VAR with 12 lags and irf function

My VAR-model contains 8 variables and 12 lags (lags determined by the information criteria), and the frequency of the variables is monthly (140 observations). When i am analyzing the irf function, the graphs show movement of the response variables from the first period. My dilemma is from theoretical perspective: does the irf function show the response of the variables after the impact have occurs (after 12 months, even though on the axis it is period 1), or show the variable from the initial period of shock (which is by definition and is the logical answer). Then why there is response from the first period? The graphs are also not smooth, in some periods they show increase, in some decrease, and in others they vary around zero. Is this logical from practical perspective?

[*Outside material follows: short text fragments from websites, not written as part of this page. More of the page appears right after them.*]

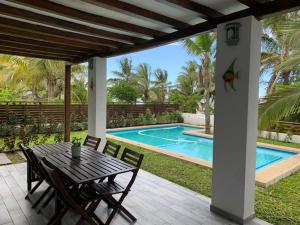 a patio with a table and chairs next to a swimming pool at CASA MOZITA in Vilanculos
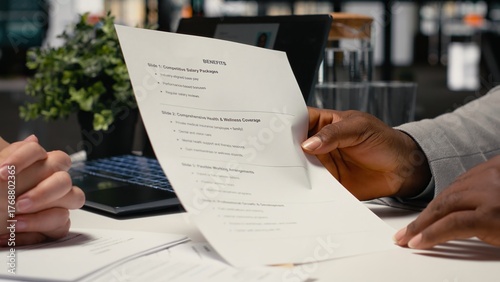 Close up of black man reads monthly perks and salary options, meeting with a recruiter to discuss the benefits package for health insurance and wellness programs within contract deal.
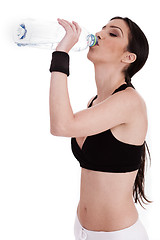 Image showing fitness woman drinking water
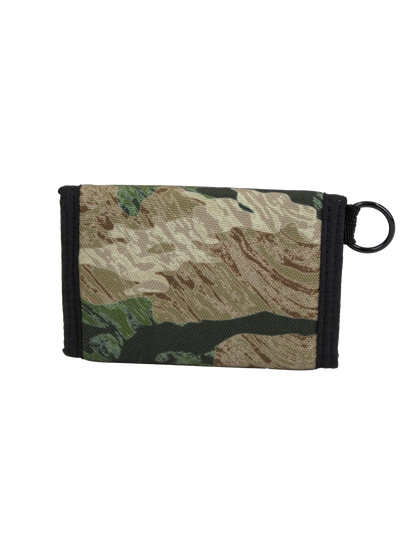 The Volcom Men's Box Stone Wallet features a camouflage-patterned cotton canvas design with black trim and a black key ring attached to one side, displayed against a white background.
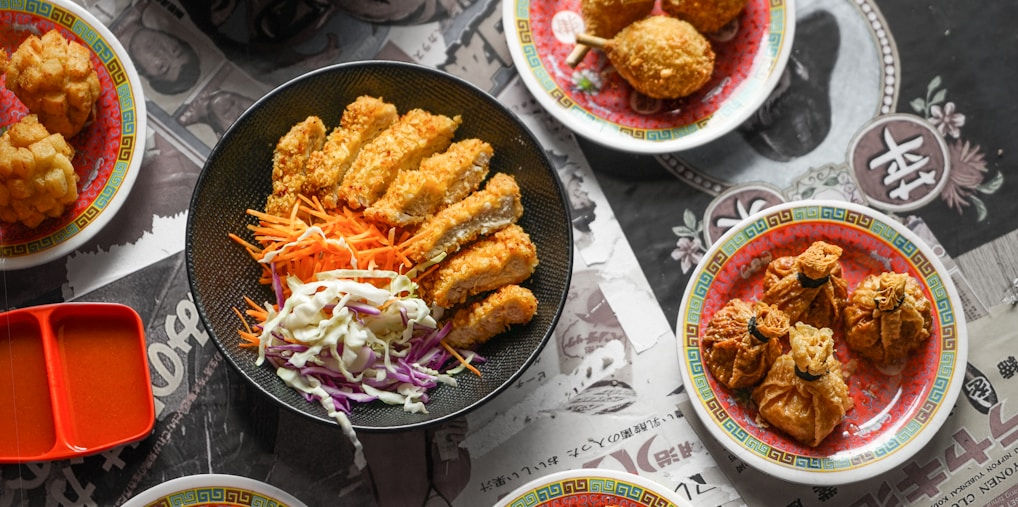 cooked food on black ceramic plates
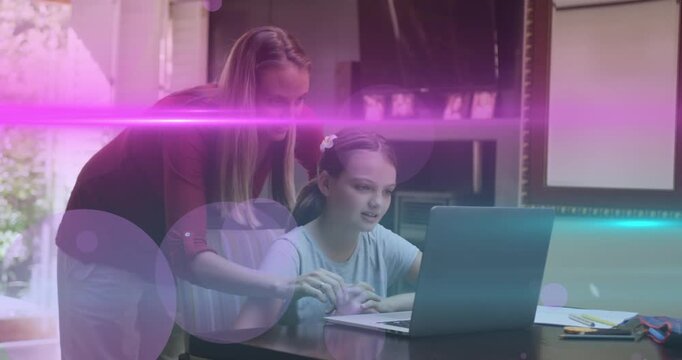 Animation of light and dots moving over happy caucasian mother helping daughter with homework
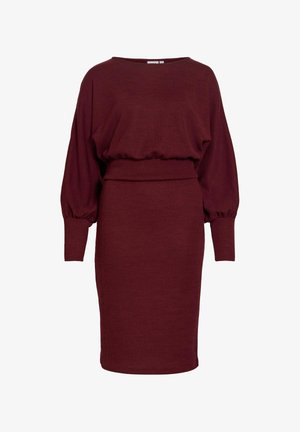 Bordeaux rode gebreide jurk met lange ballonmouwen, ronde hals, getailleerde taille en knielange rok. Zachte textuur met een gladde afwerking.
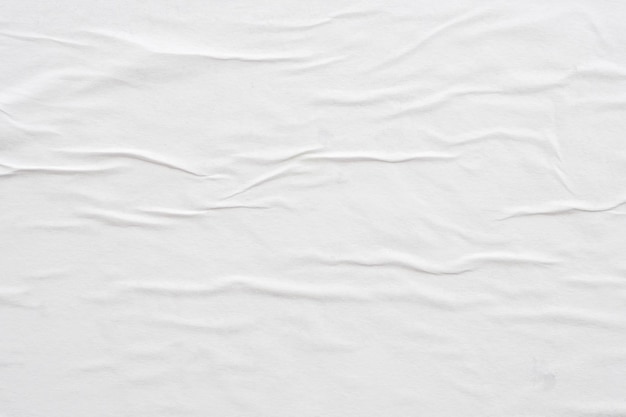 Blank white crumpled and creased paper poster texture background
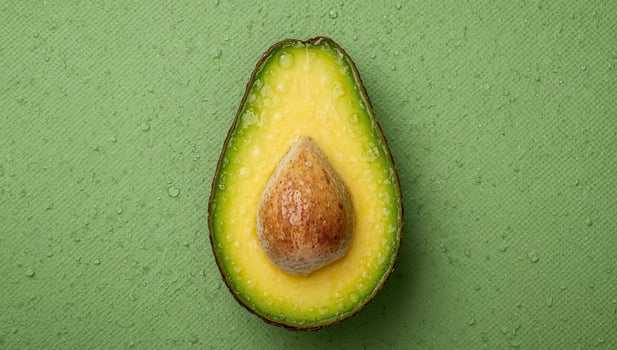 Fresh Avocado Half with Seed on a Wet Green Background, Healthy Food Concept. photo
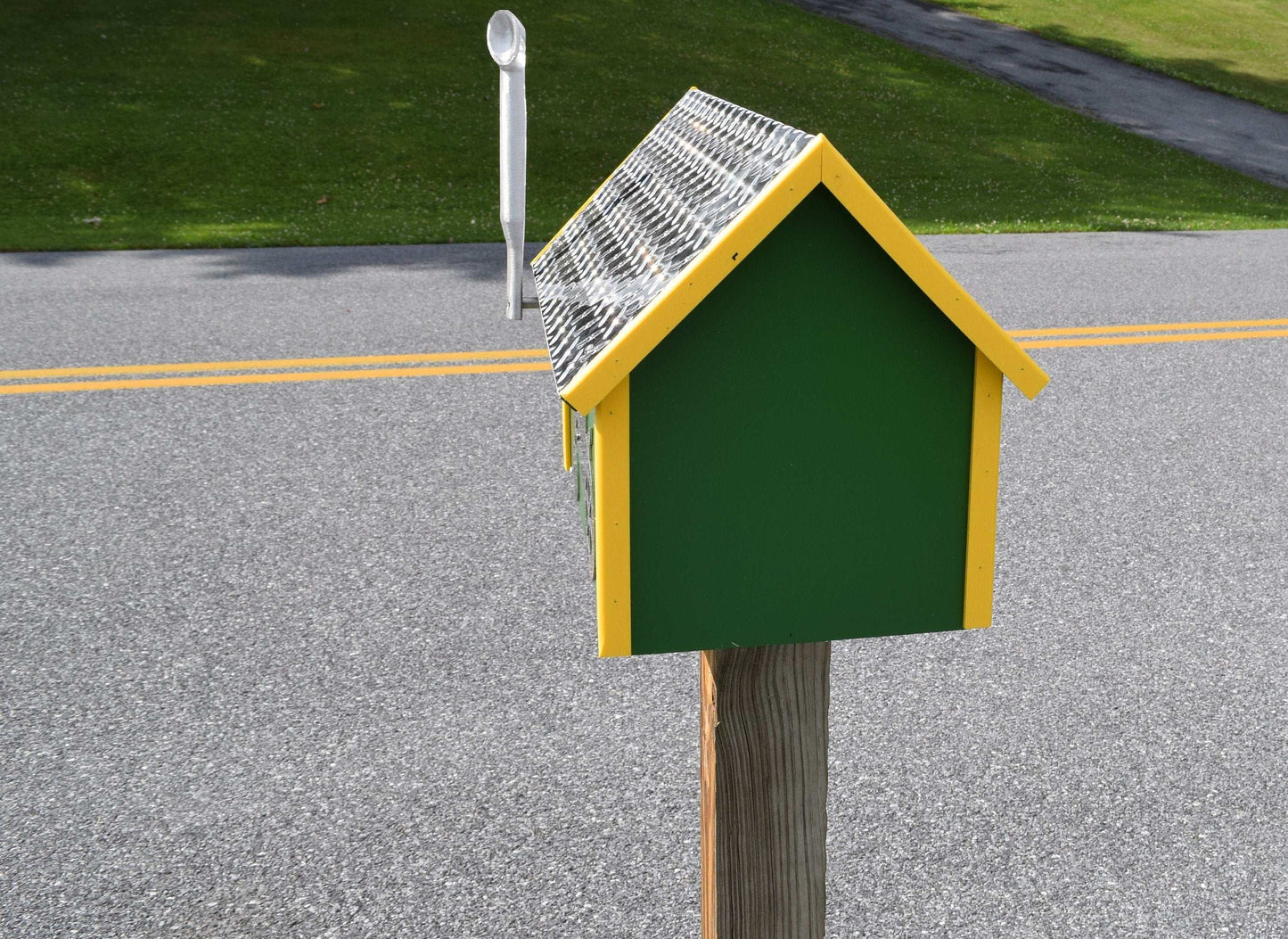 green and yellow farmer mailbox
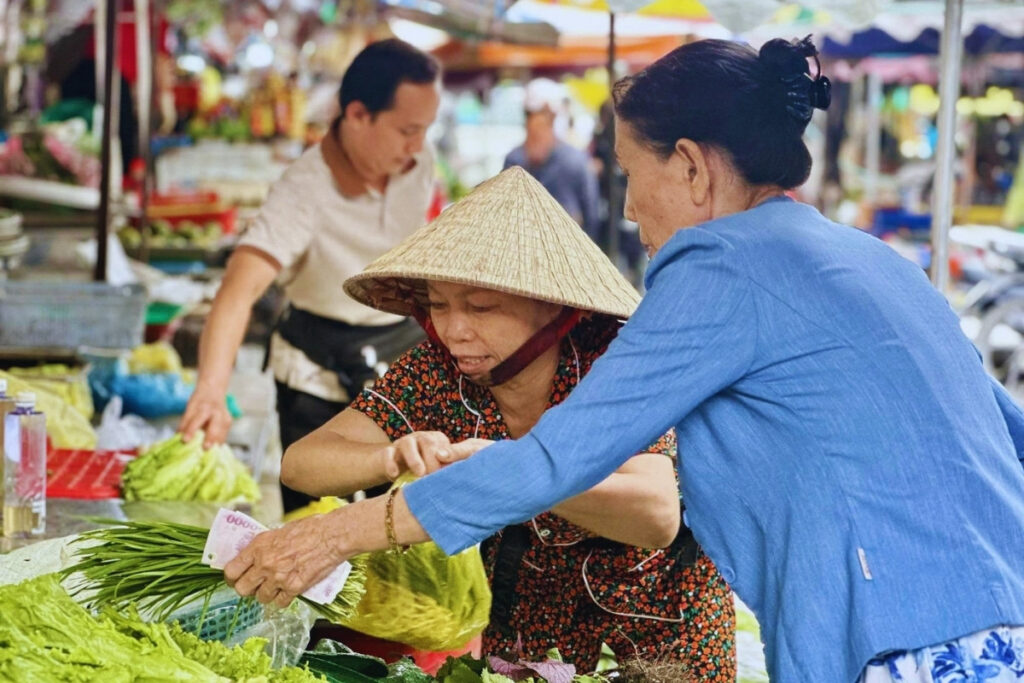 Customer shopping at a traditional market in Vietnam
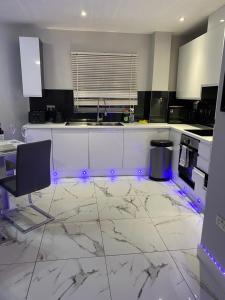 埃奇韦尔2 Double Bedroom Apartment in Edgware, London的厨房配有白色柜台和带紫色灯的电器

My VAR-model contains 8 variables and 12 lags (lags determined by the information criteria), and the frequency of the variables is monthly (140 observations).

You may want to consider a different VAR model as the current one is pretty big for the sample size you have. You are estimating $8 \times 12 = 96$ parameters (plus the intercept and the error variance) in each of the VAR equations on a sample size of just 140. Therefore, your estimation error is likely to be high and you are likely to overfit considerably. The selection of as many as 12 lags may be due to seasonality, since you are using monthly data. Consider either

1. seasonally adjusting the data before you select the lag order of the VAR model; or
2. using seasonal dummies as exogenous regressors in a VAR model of a lower lag order, or
3. using a VAR(12) model but restricting some of the lags to zero (e.g. keeping lags 1 and 12 without the lags 2 to 11 -- just an example).

This will allow to trade off some estimation variance for model bias, and hopefully you can get more precise estimates of model parameters in terms of mean squared error.

does the irf function show the response of the variables after the impact have occurs (after 12 months, even though on the axis it is period 1), or show the variable from the initial period of shock (which is by definition and is the logical answer). Then why there is response from the first period?

This is rather software specific, and it is hard to answer without seeing the actual IRF graph and/or the code used to generate it. Details of IRFs such as what the axis mean should be available in the software manual.

The graphs are also not smooth, in some periods they show increase, in some decrease, and in others they vary around zero. Is this logical from practical perspective?

It may happen in general; you could take a look at papers that use IRFs, e.g. some macroeconomic studies. You will see different patterns there. Whether the IRFs make sense in your case depends on what you are actually modelling.

P.S. If you update your post with more details and post a comment under my answer so that I am notified, I will try to update it accordingly.